Menyoal Ruang Budaya dalam Revisi Qanun RTRW Aceh

SHARE:  

Humas Unimal
Foto : Teuku Kemal Fasya

Teuku Kemal Fasya

Judul tulisan di atas menjadi perhatian yang penulis sampaikan kepada peserta workshop “Pendalaman Isu Kajian Tematik Usulan Masyarakat Sipil Untuk Revisi Rencana Tata Ruang Wilayah (RTRW) Aceh dan Data-Data Pendukung Lainnya” yang dilaksanakan oleh Dinas Pekerjaan Umum dan Penataan Ruang (PUPR) Provinsi Aceh, 28 September lalu. Pertanyaan pertama penulis bermakna ontologis, adakah ruang budaya ketika menyusun revisi Qanun No. 19 tahun 2013 tentang RTRW Aceh tahun 2013-2033?

Pertanyaan gugatan ini penulis sampaikan, karena terlihat, bahwa antara yang dihasratkan dan dipraktikan seperti tungku api dan es batu. Das Sein dan das Sollen tidak berjalan seiring, tapi berlainan arah. Terasa begitu kontras pengingkaran atas implementasi ruang di Aceh, sehingga menjadi problem sosial-ekonomi-ekologis yang bisa berdampak petaka dan konflik.

 

Seriuskah pekerjaan ini?

Pertemuan yang melibatkan masyarakat sipil ini memang diidealkan masuk ke dalam laporan akhir sebagai bahan penyusunan materi teknis (matek) dan naskah akademik penyusunan Qanun RTRW Aceh. Batas akhir penyusunan pada bulan Oktober ini. Tim pendamping yang ikut memfasilitasi kegiatan ini adalah Walhi Aceh yang diketahui memiliki komitmen kuat untuk menyelamatkan proyek konservasi dan pembangunan berkelanjutan Aceh.
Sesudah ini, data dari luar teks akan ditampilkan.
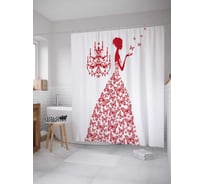 Штора (занавеска) для ванной JoyArty "Пламенное порхание" из сатена, 180х200 см с крючками, sc_23552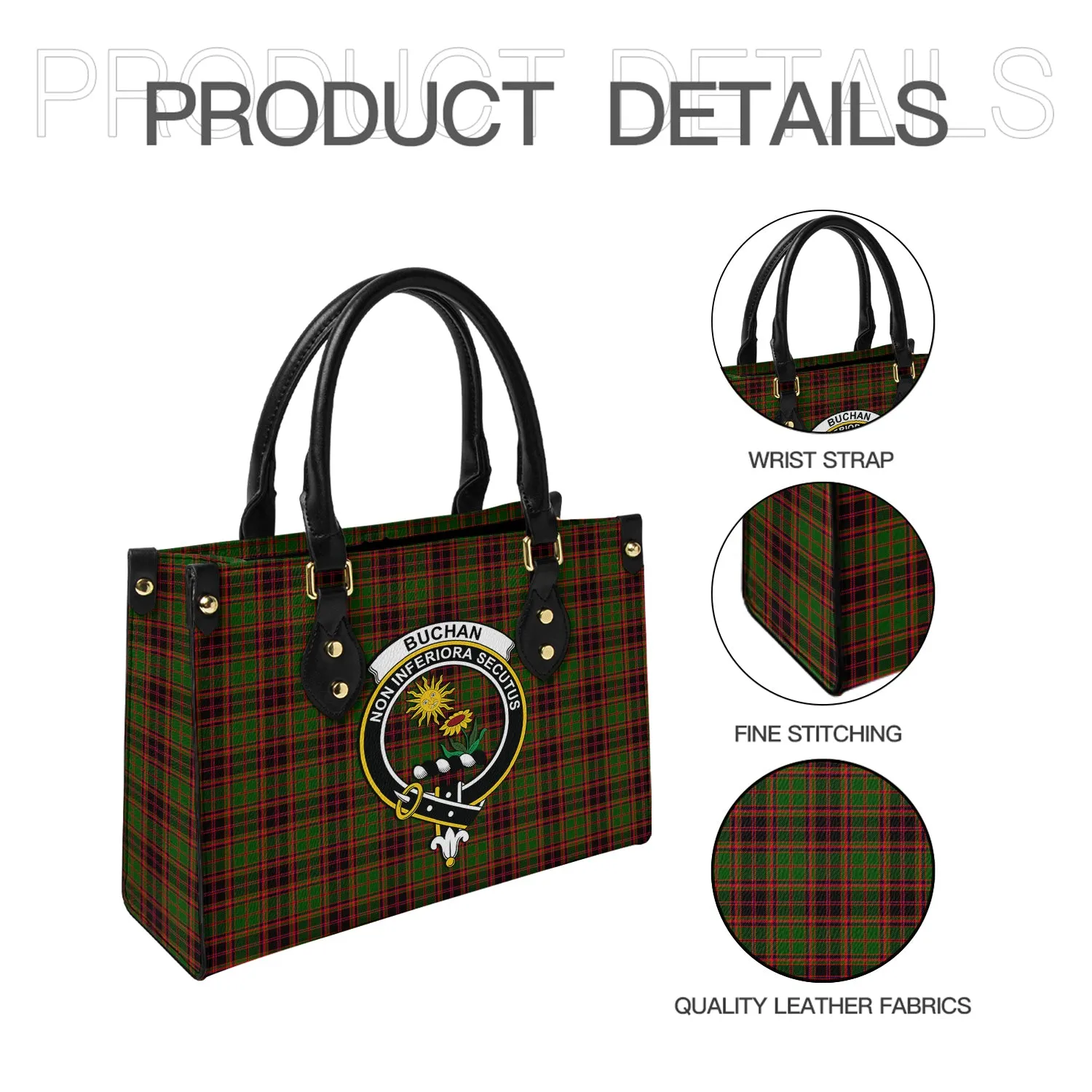 Buchan Tartan Leather Bag with Family Crest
Namun yang menyangsikan adalah pada Dinas PUPR Aceh. Apakah mereka bisa menyisipkan masukan masyarakat sipil ini ke dalam materi teknis dan naskah akademik? Apalagi penulis baru tahu bahwa tim yang mempersiapkan dokumen ini adalah konsultan luar Aceh. Pasti ada hambatan ketika mengonsepsionalisasi norma, kode, nomenklatur, istilah, dan deskripsi kebudayaan Aceh secara komprehensif. Atau bisa jadi, seperti dalam penyusunan kebijakan, manapun, masukan partisipatif dari masyarakat sipil akan terpental keluar ring, kalah oleh masukan teknokratis dan “hasrat negara”. Salah satu ide kenapa Qanun RTRW Aceh perlu direvisi karena memang sudah sangat tidak konsisten dalam implementasinya, termasuk adanya “salah baca” ketika masuk dalam desain perencanaan kebijakan.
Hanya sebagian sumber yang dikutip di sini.